Inevitably, the follow up question to “what will you be taking” is “what do you want to do with that?” Everyone assumes I’ll be teaching. Maybe there’s a reason for that. The thing is I don’t want to teach. Definitely not high school anyways and probably not university. I like the idea of “teaching” in a non-traditional setting. Like being part of educational programs at a National Historic Site or museum that focuses on my area of interest. I like to tell people that I want to be a tour guide. Now I realize you don’t need a degree for that but by going to school I feel like I can explore those types of job opportunities better.

One of my (many) reasons for moving to Ontario is because there is so much more history there than there is on the West Coast. BC just celebrated 150 years. Woohoo. Seriously, it’s not that long. Quebec celebrated 400. That’s more like it. I’m not too excited about ancient history, or even European history but I’m looking for something a bit older than the fur trade.

I look at people who are “tour guides” or who do educational programs in historic sites and think “I could do that, I want to do that”. I’d like nothing more than to be in period costume all day. Maybe not for forever, but to start at least. I’m also not eliminating the possibility of getting back into administration, but hopefully for an organization where I can be passionate about what they do and the message they have to deliver.

So when people ask “what do you want to do” there’s a list of possibilities. I also realized a little while ago that I may not even know the title of the job I want to do! I don’t want to just do what I know is available. I want to explore options, and find the perfect job for ME, whatever it may be. I’ll let you know when I figure it out :)


Shelljo said...

As one with a history degree, I say ...whoo hoo!

You can always work in a museum or a historical library, geneaology society, etc. You can do something other than "teach". Besides, just taking History classes is fun! You learn so much cool stuff...most is usless trivia, but who cares, it's just cool!

agent713 said...

Can you see me nodding my head? That's exactly the kind of places I want to work :) and yeah, I love the trivia :D

Duchess said...

Don't forget to add in enough management/financial courses to know how to develop budgets and manage the staff for a site. A grant writing course would be a good thing to add in, too.
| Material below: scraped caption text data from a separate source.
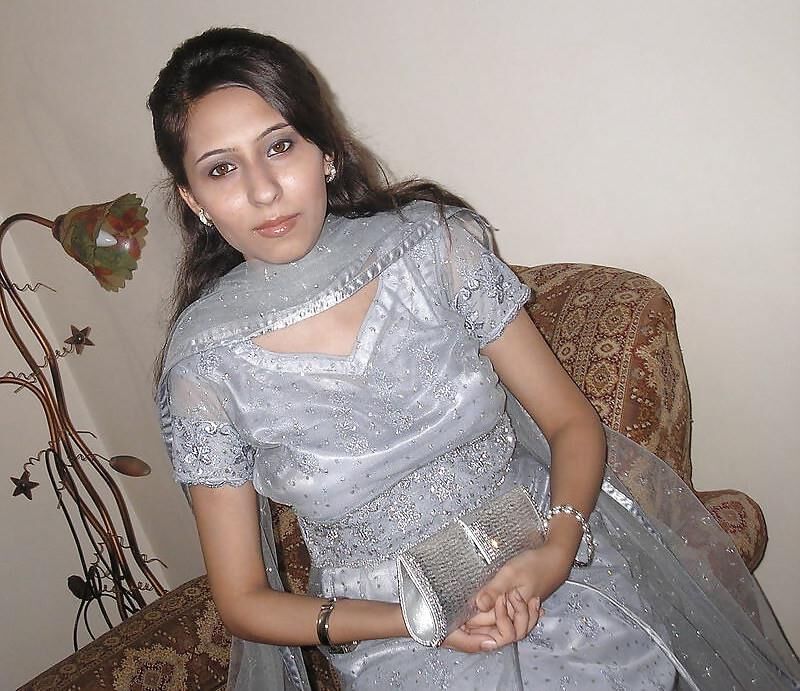 Amateur Indian MILF Undresses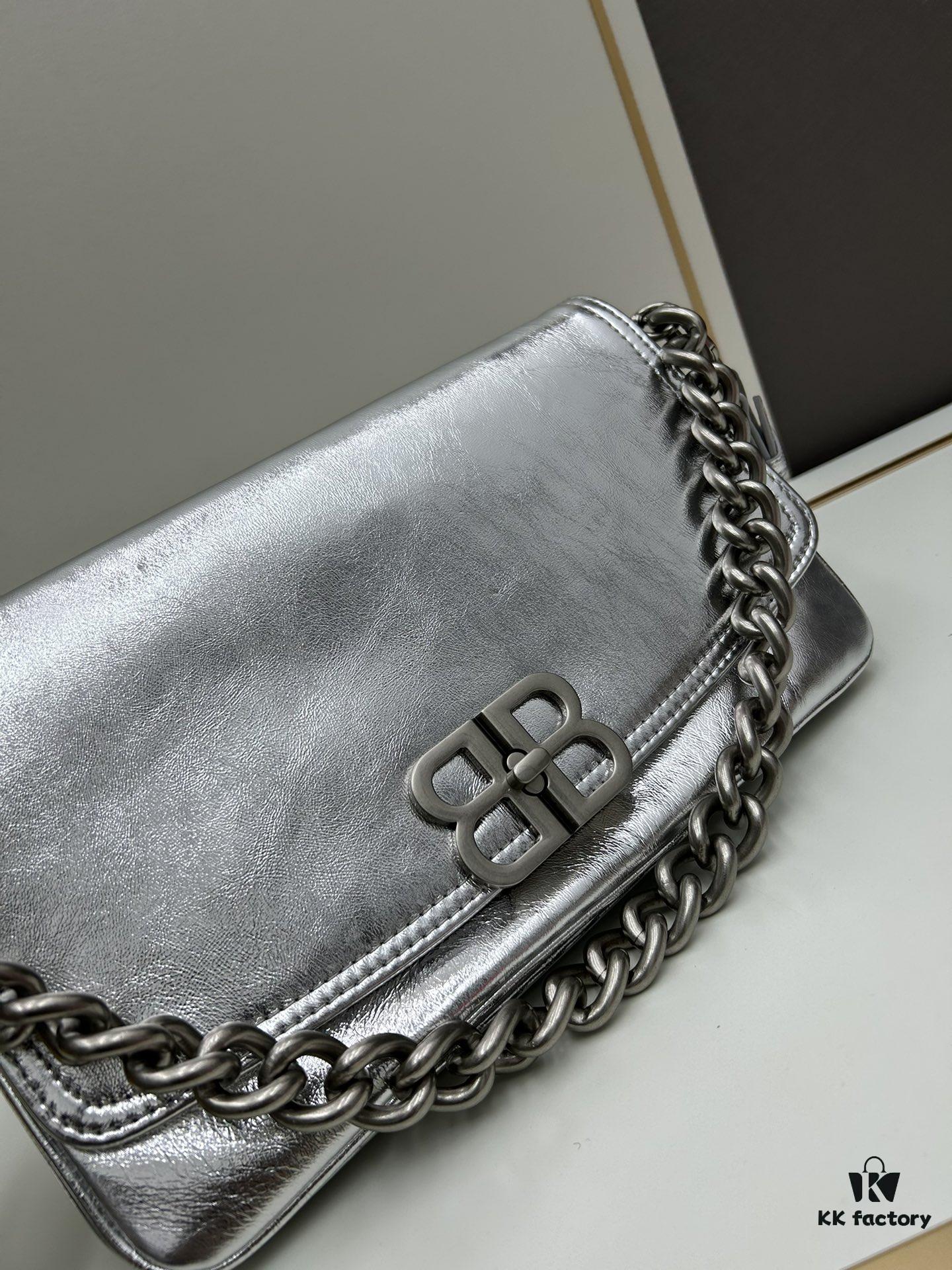 Medium Size 💰 Latest Hot Selling Balenciaga Soft Bag New Arrival, Premium Full-Grain Leather, Soft and Smooth Texture, Stylish Metal Chain Strap, Spacious Interior, Heavy-Duty Metallic Hardware, Dimensions: 30x17x6 cm, Model 84883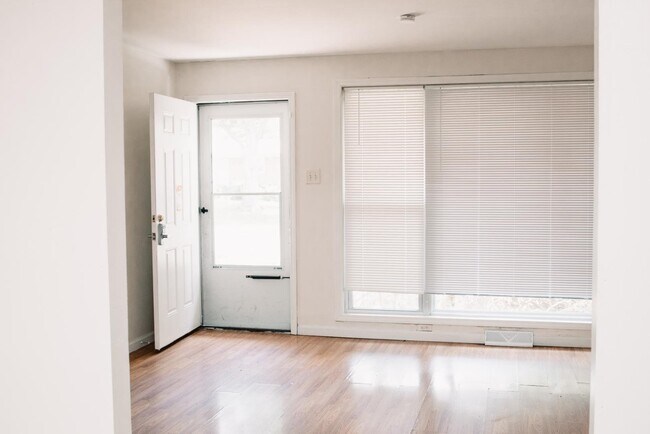 Photo - 10229 Edgefield Dr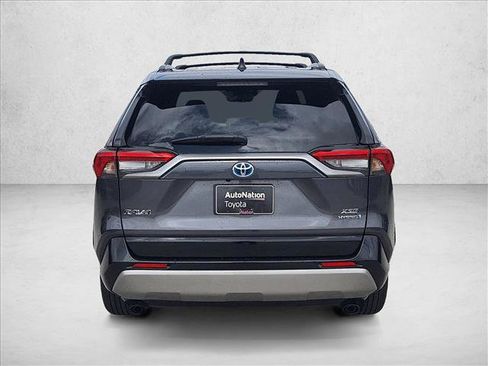 Used 2024 Toyota RAV4 XSE w/ Weather Package AWD/4WD image 6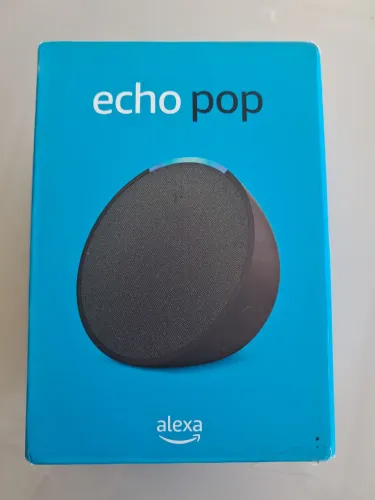 Echo Pop lacrada na caixa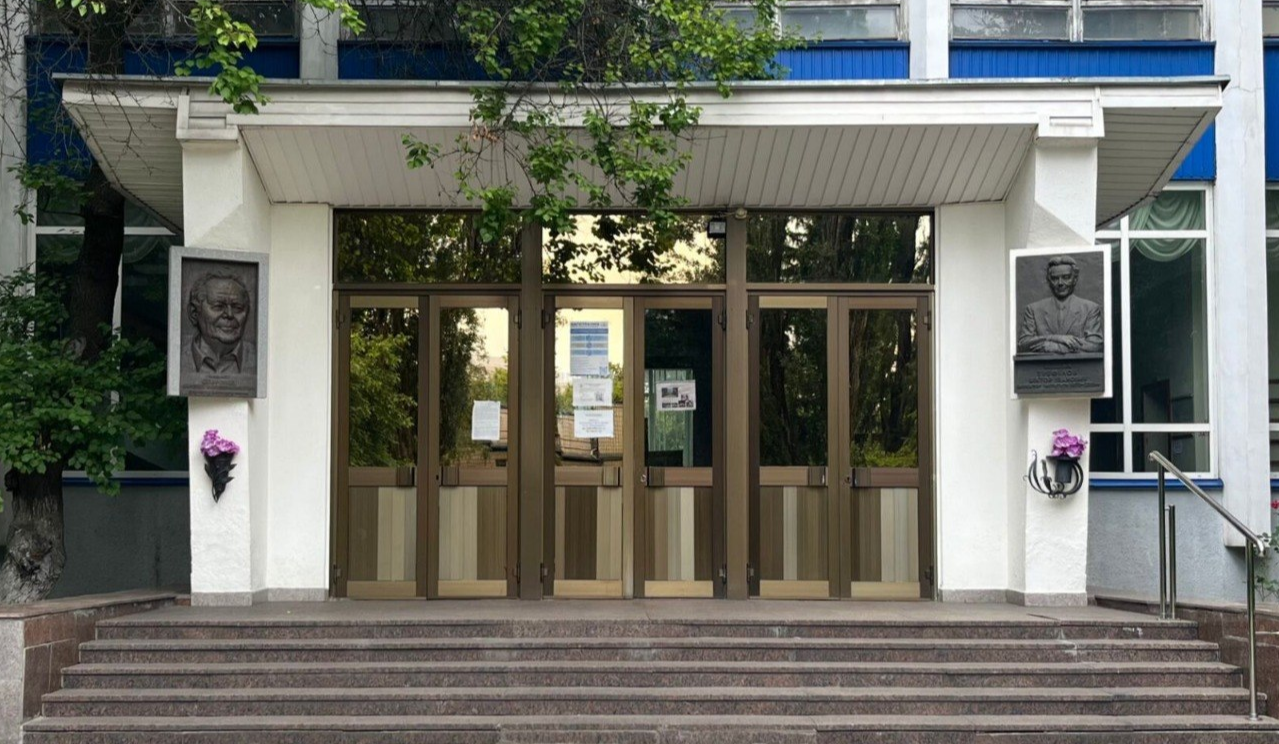 Суд зупинив незаконну забудову землі Інституту НАН у Києві: подробиці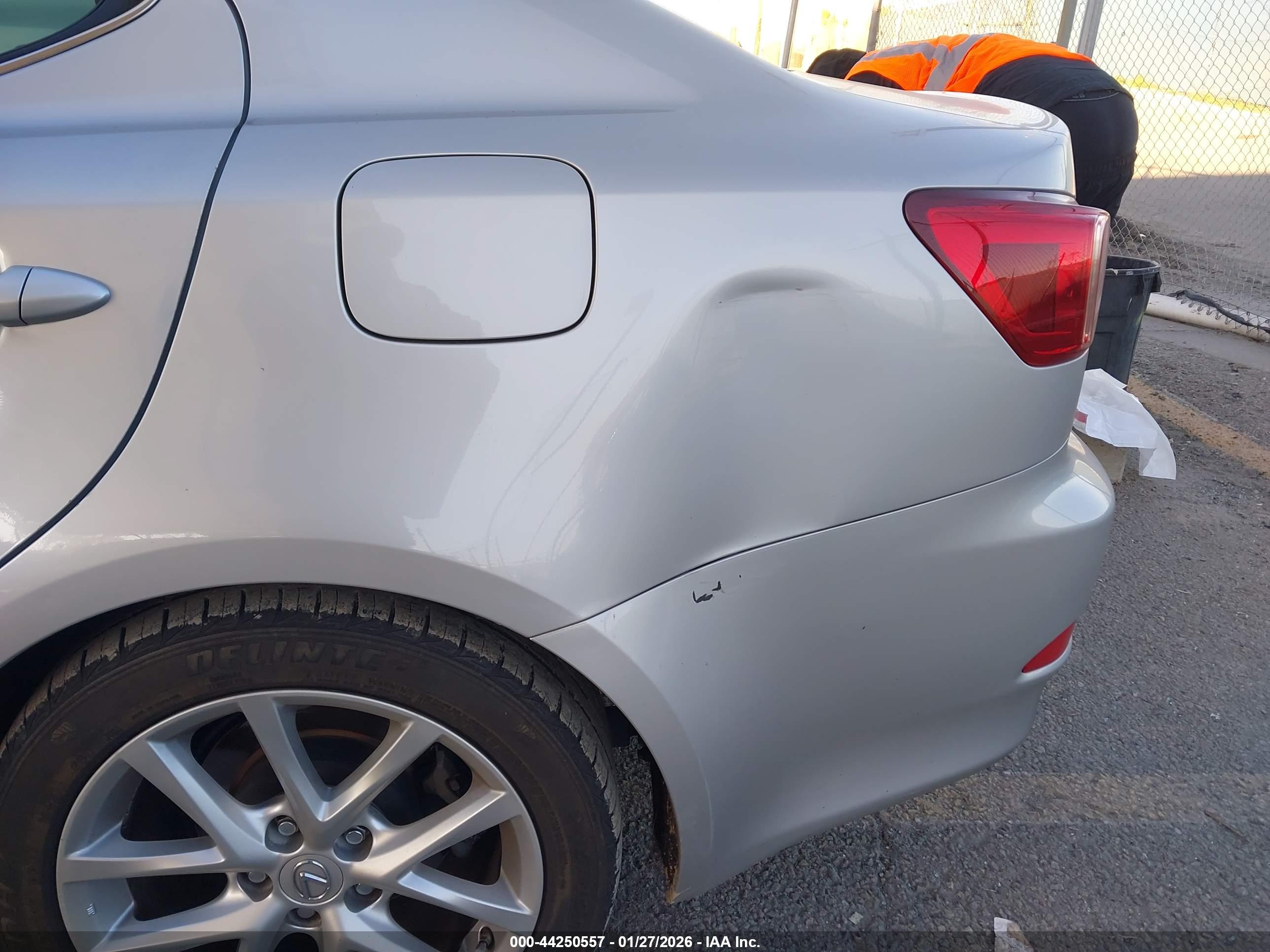 LEXUS IS image 6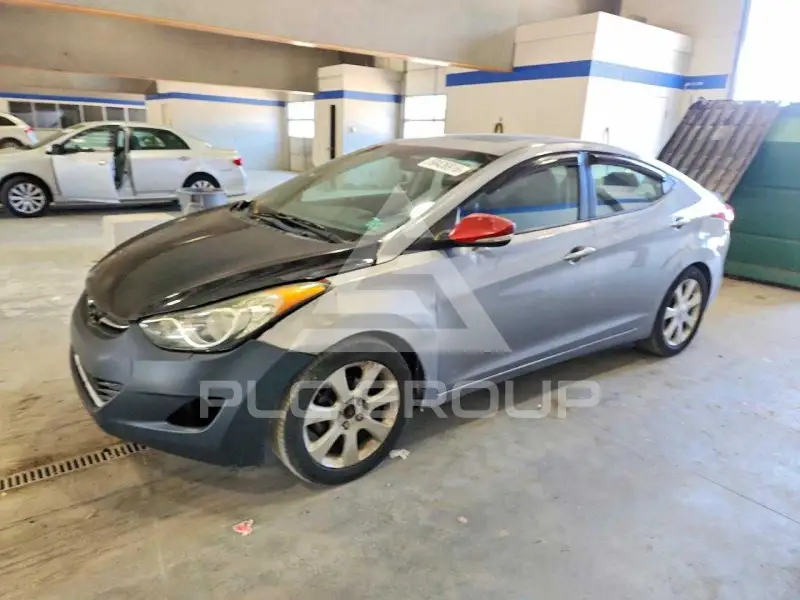 2013 Hyundai Elantra фото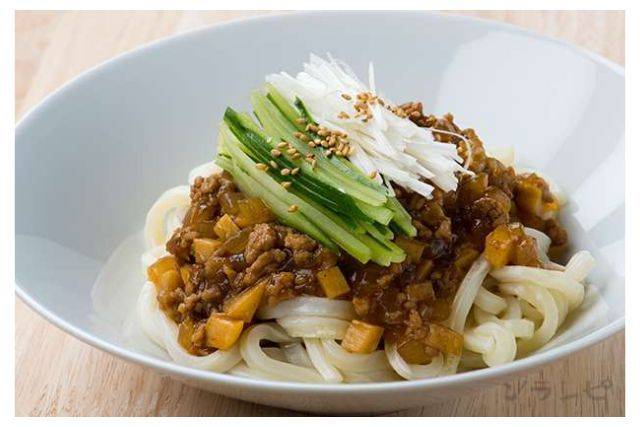 野菜たっぷり  ジャージャーうどん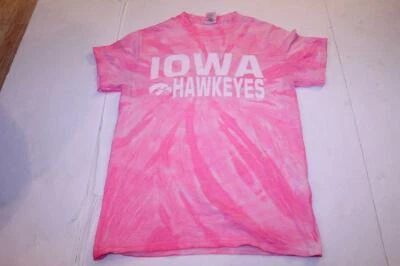 Camiseta para mujer Iowa Hawkeyes S Tie-Dye (rosa) Gildan Foto 1 de 3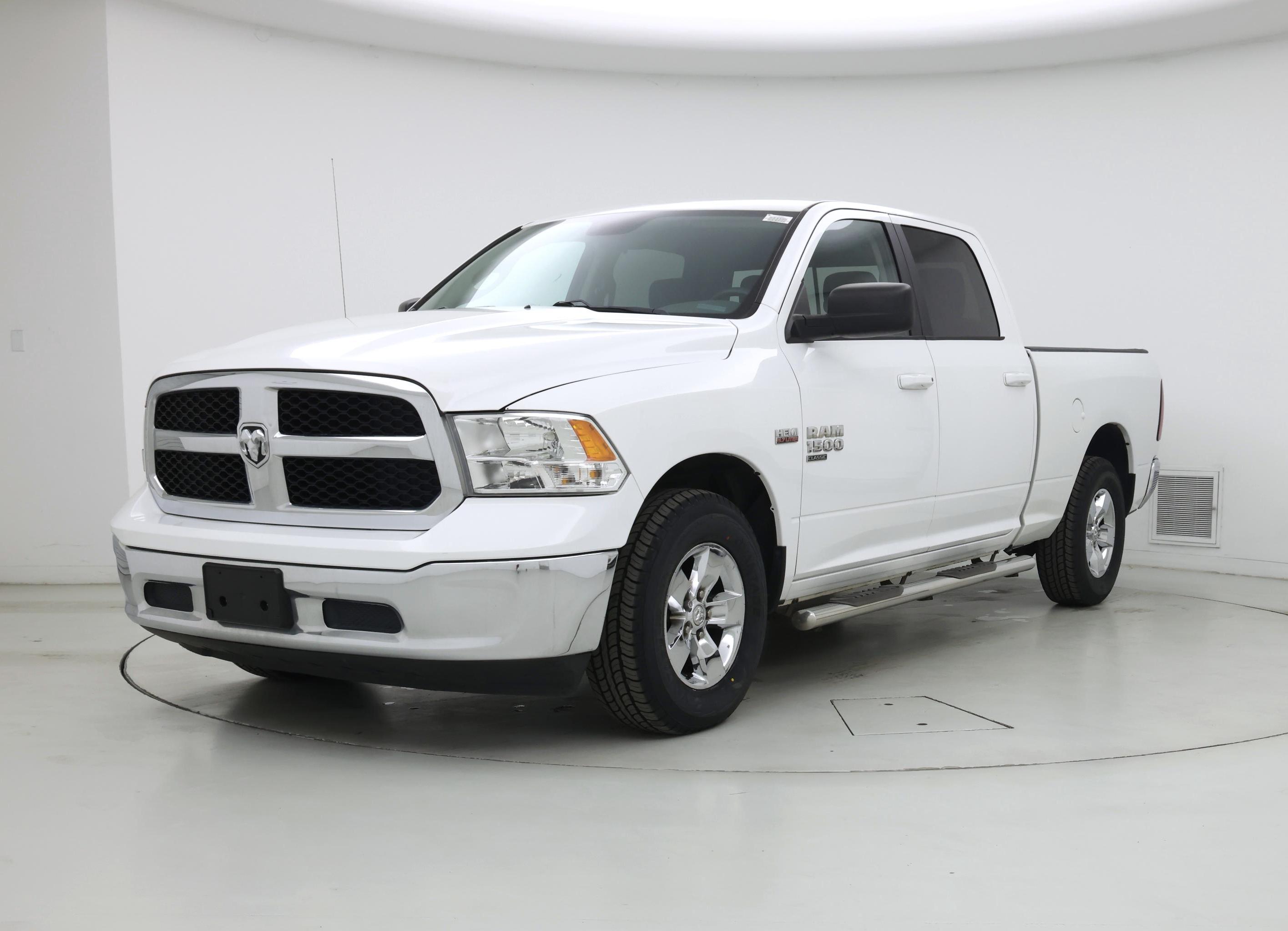 Thumbnail: 2019 RAM 1500 Classic - 4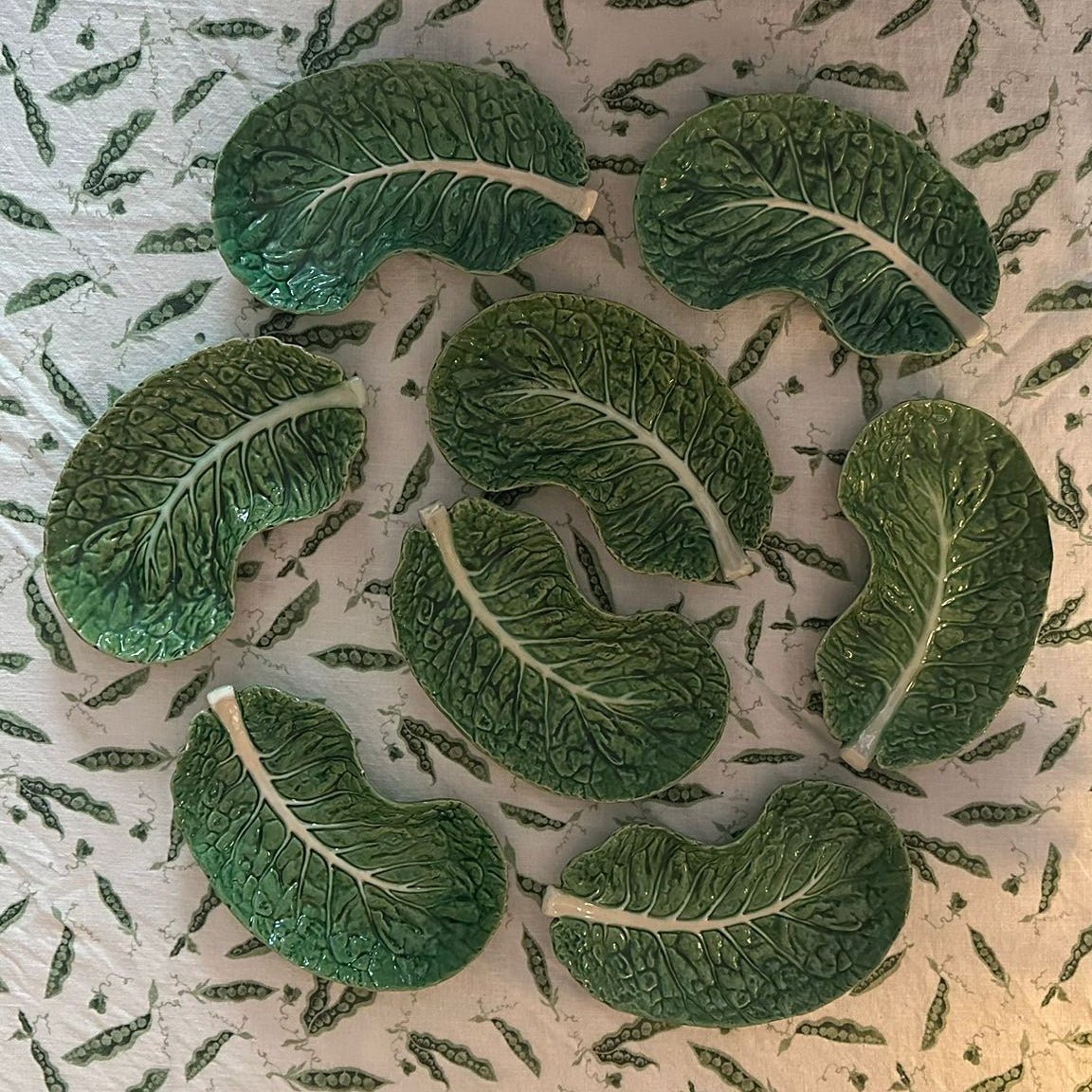 Set of 8 mid - century Portuguese cabbage ware side plates - FLORA BLACK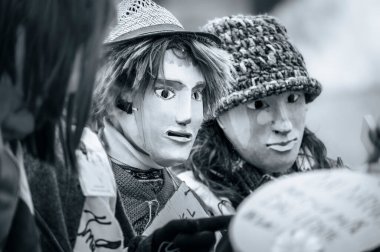 Carnia 'daki karnaval. Sauris, dini ve pagan geleneğinin maskeleri. İtalya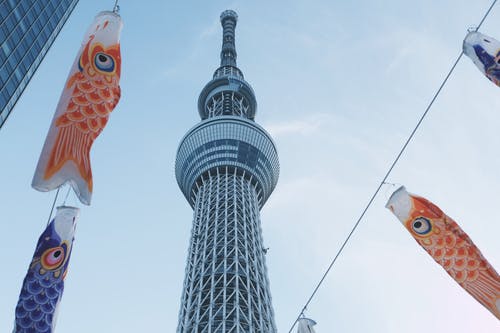 东京晴空塔的低角度拍摄 · 免费素材图片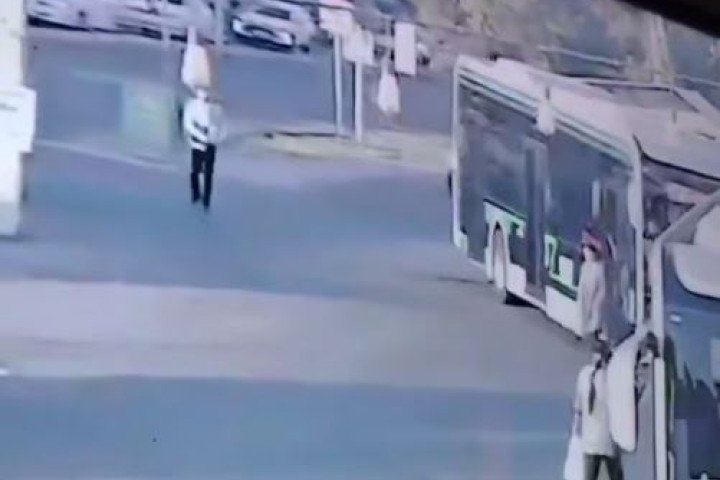 В Ташкенте девушка попала под электробус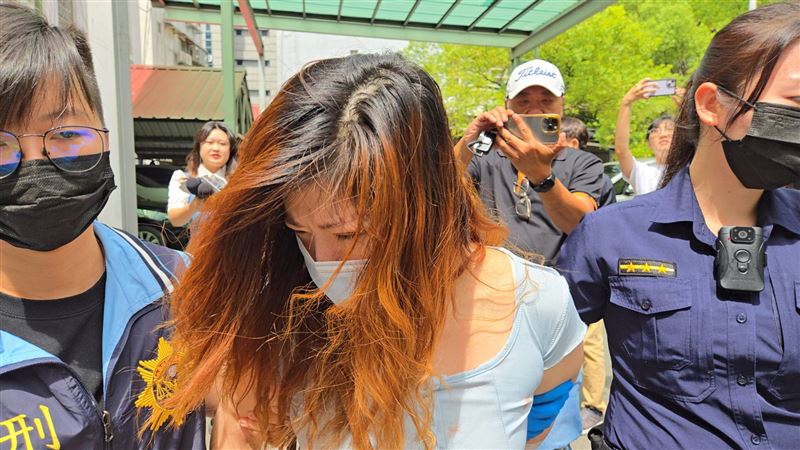 侯沁潔脫序被逮後被警方送辦。(圖/記者莊淇鈞攝影)
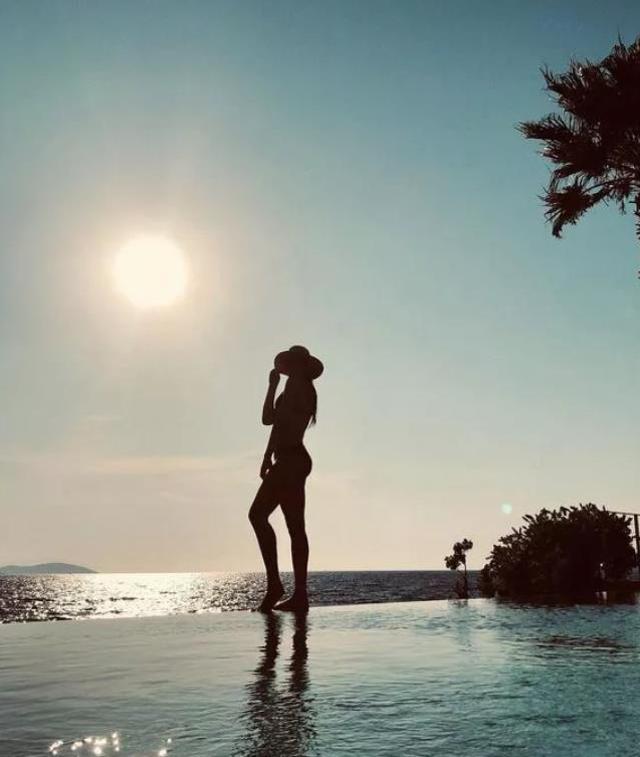 Herkes onu voleybol sahasında izliyordu! Milli yıldız Hande Baladın'ın bikinili pozları bomba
I would have loved to be one of the cataloguers who recently processed the NYPL's collection of U.S. Sanitary Commission holdings from the American Civil War. Can you imagine having that stuff for nearly 150 years and never getting around to taking an inventory of it?!

To supplement your need to disappear into another era, find a reenactment group. They'll fuel your passion and understand when you say you'd rather spend the weekend wearing odd clothing and showing others about an earlier era than having your plumbing repaired.

Don't forget there are also jobs which incorporate your other hobbies - sewists maintain clothing collections or outfit interpreters, scrapbookers may be archivers or may learn to rebind books or reprint documents to make them available for another generation.

As long as you know going in that the pay is not high, but the rewards are great, you'll be making the right choice.